Hey there, time traveller!
This article was published 26/7/2013 (1311 days ago), so information in it may no longer be current.
BEVERLY HILLS -- As a longtime member of the cast of HBO's Entourage, Kevin Connolly knows a thing or two about being a team player.
And as a native of Long Island and a lifelong New York Islanders fan, he also knows all about being passionately committed to a team.
What Connolly -- who played best pal/manager Eric (E) Murphy on the hit HBO series -- couldn't understand, however, is how greed, ego and a complete lack of moral fibre might allow one misguided individual to dash the dreams of thousands upon thousands of ordinary people with a shared sense of team-first, fanatical sports-team loyalty.
And his search for understanding led the actor turned director to contribute a fascinating new film to ESPN's ongoing 30 for 30 sports-documentary series. In Big Shot, which premi®res this fall and will also be seen on Canada's TSN, Connolly digs deep into the motivations and machinations that led fraudster John Spano, a businessman who claimed to be worth hundreds of millions but was actually a shallow-pocketed scam artist with virtually no financial means, to attempt to become the owner and saviour of the struggling New York Islanders franchise in 1996.
"Growing up on Long Island, you know, this team was such a part of my childhood," Connolly said this week during ESPN's portion of the U.S. networks' semi-annual press tour in Los Angeles. "It was a story that I jumped at the opportunity to tell because of the personal nature of the Islanders being my hometown team, and because hockey is my favorite sport.
"Big Shot is about a guy by the name of John Spano, a con man that tried to buy the New York Islanders for $165 million in 1996. In reality he wasn't worth five bucks, but he managed to sort of, you know, lie and cheat his way into the owner's box for a four-month period."
Big Shot is a fascinating exploration of the huge egos, sometimes-shady business practices and wacky economics that ruled the business of pro sports ownership -- NHL hockey in particular -- during the last decade of the 20th century. Watching this film, and revisiting the mistakes made during this Islanders debacle, will undoubtedly give Winnipeg sports fans a greater understanding of why the Mark Chipman-led Jets ownership group had to endure such intense scrutiny before our city was allowed back into the NHL fold.
As director, narrator and a deeply invested fan, Connolly makes this film a personal project, sharing photos from his childhood in which he's clad in Islanders colours and posing alongside players from the team's run of four straight Stanley Cup titles in the early '80s.

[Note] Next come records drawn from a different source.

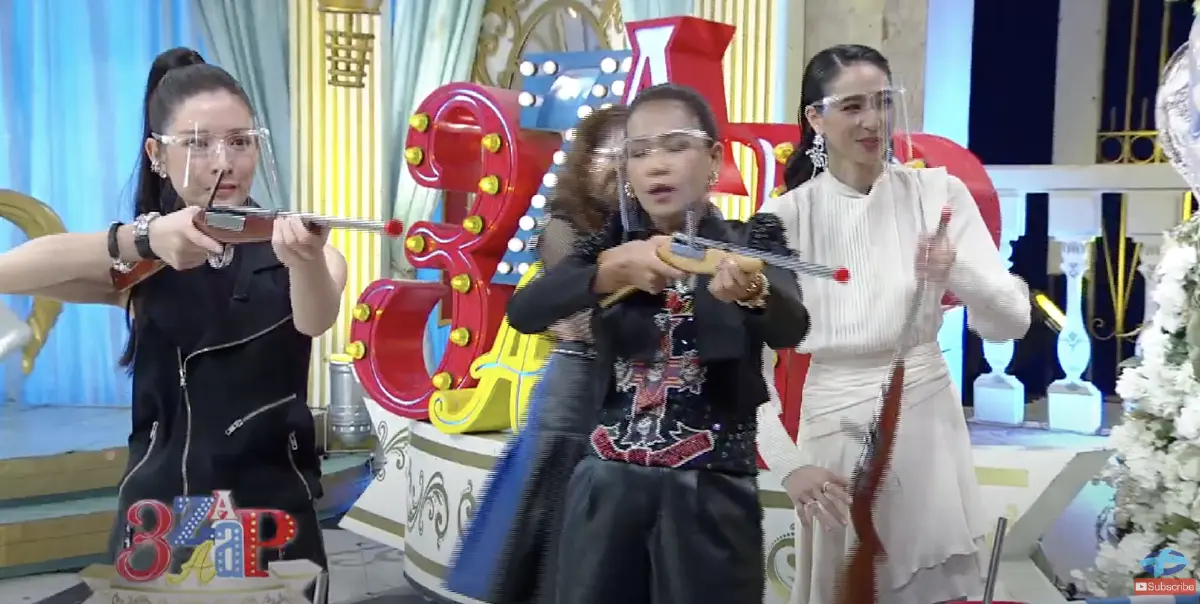 แอฟ ทักษอร เปลี่ยนลุคโชว์ลีลาจับปืน สวยเท่ไม่เบา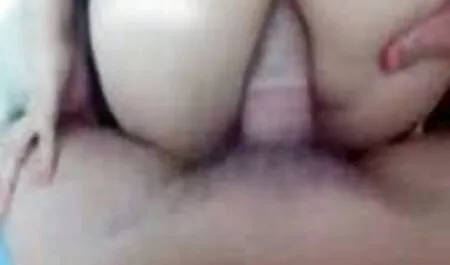 Tóc đỏ người mẫu trong một chiếc áo cánh, với một dòng cổ sec dit gai xinh cho người biểu diễn một miệng gần ngựa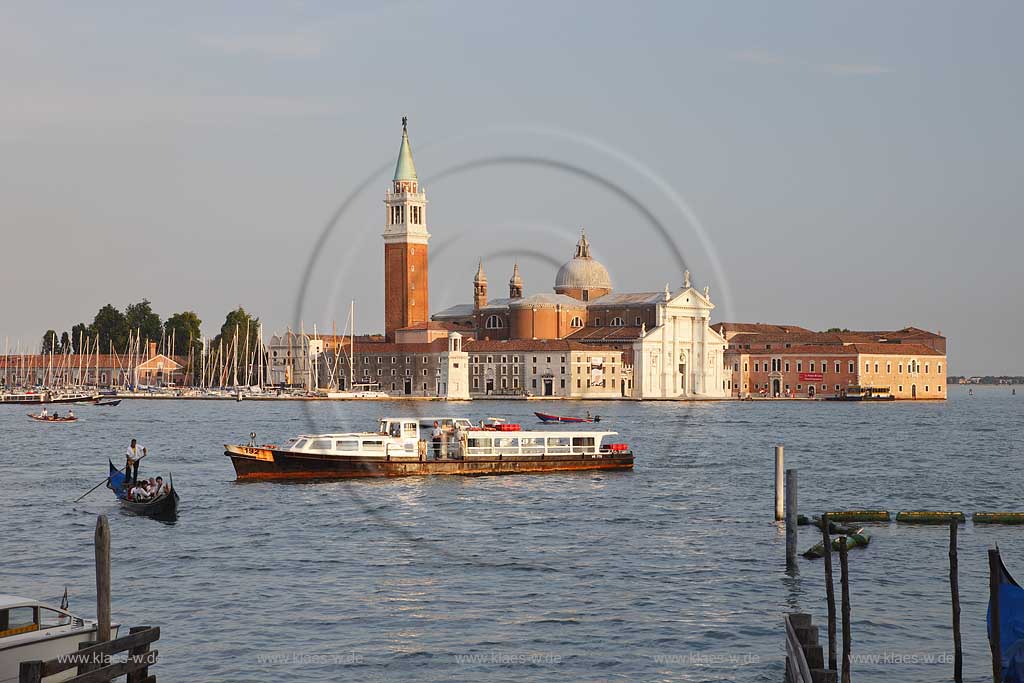 Venedig Blick von der Brcke Ponte della Paglia ueber den Kanal di San Marco zur Isola San Giogio Magggiore mit der Basilika und Glockenturm, Campanile, Gondeln mit Gondoliere im stimmungsvollen Licht der untergehenden Abendsonne; Venice view over Canal di San Marco to the Isola San Giorgio Maggiore with  gondola and gondoliers during romantic evening sunset light 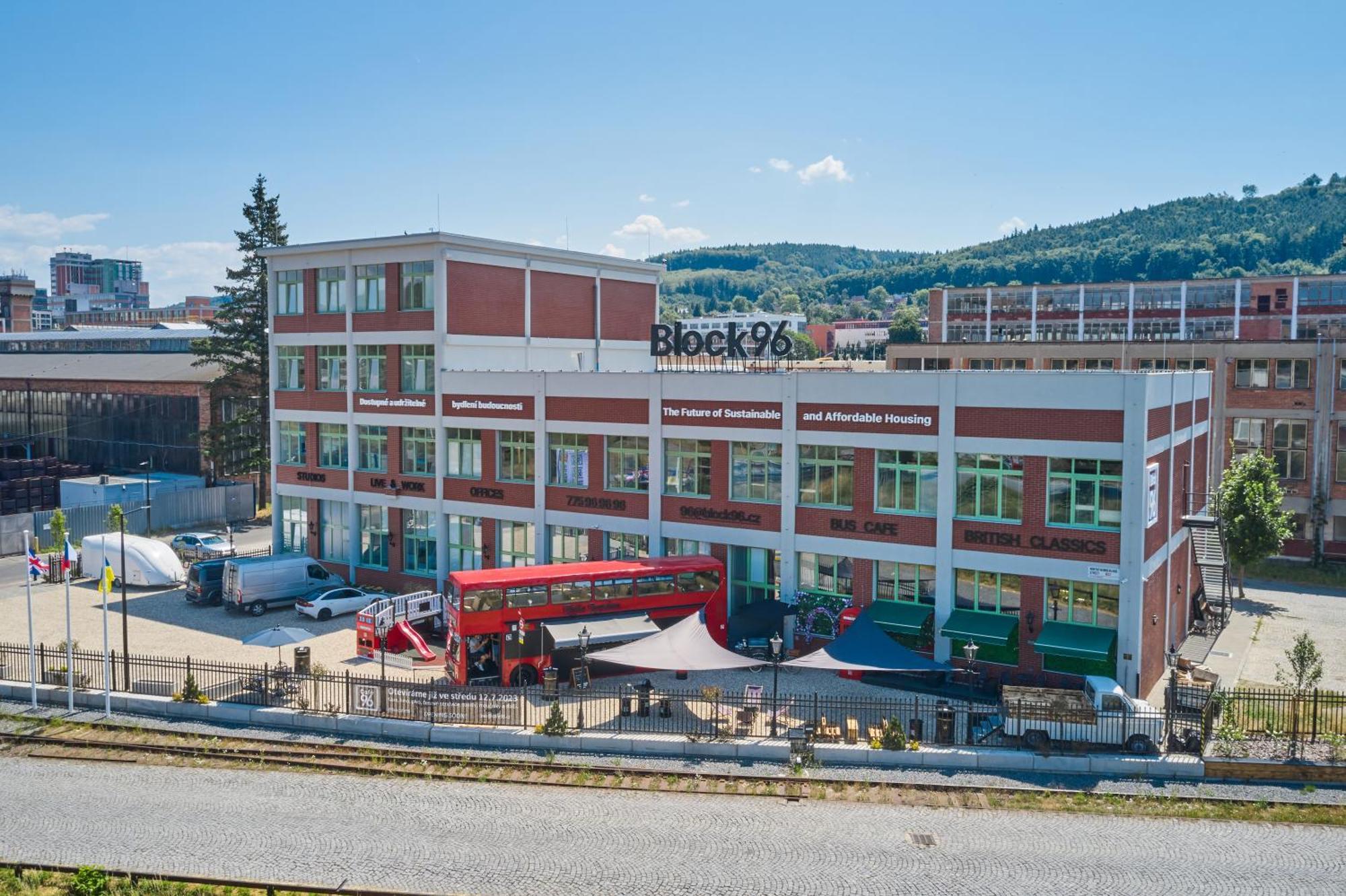 Block 96 Apartments Zlín Exterior photo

The Islanders are his team and he's still upset about the team's fall from NHL contention after the '80s-dynasty bunch -- led by Bryan Trottier, Denis Potvin, Mike Bossy, Clark Gillies, Billy Smith and beloved Winnipegger Butch Goring -- was dismantled. And as bad as the Isles' fortunes were on the ice, the team's front-office woes hit an all-time low when Spano, who presented himself as a Texas-based tycoon looking to buy an NHL franchise, entered the picture.
"(Spano) really wasn't as much driven by greed and money as he was by wanting to be able to walk into a room and have everybody go nuts and take his picture," Connolly said of the fame- and status-seeking scammer. "He wanted to sign autographs, and he wanted to be a star more than he wanted to be rich."
The most fascinating aspect of Big Shot is that Connolly convinced Spano -- who served jail time after his Islanders-purchase fraud was revealed -- to agree to a sit-down interview for the film.
"Well, he definitely didn't want to tell the story," Connolly explained. "I think he knew who I was from Entourage, and I would be lying if I said that didn't play some part. I think I sort of played the hand of, 'Listen, I'm making this movie.' And in hindsight, it's hard to imagine the movie without him, but in my head, I was making the movie with him or without him. So when I told him that, and he knew that I meant business, and I also gave him my word that I was going to tell a certain story and tell it a certain way, he just had to take me at my word.
"And to his credit, he did, and if you asked him, he would tell you that I'm a man of my word and stood by everything that I said that I would do and didn't do what I wouldn't do... I wanted to tell sort of a fair and balanced story. More than anything, I just wanted to understand why he would do this, what was his sort of end game. So I would really just stare at him and try to get inside of his head, and somehow we landed on a fair ground. We had our fair share of (problems) and we said really horrible things to each other."
All in all, it's a unique and captivating look inside the business of hockey.
Also on the 30 for 30 roster this fall are No Mas, an exploration of the rivalry between boxers Sugar Ray Leonard and Roberto Duran; This Is What They Want, a look back at Jimmy Connors' stunning late-career run at the 1991 U.S. Open; and Tonya and Nancy, an examination of the figure-skating scandal that rocked the U.S. Olympic team in the run-up to the 1994 Winter Games in Lillehammer.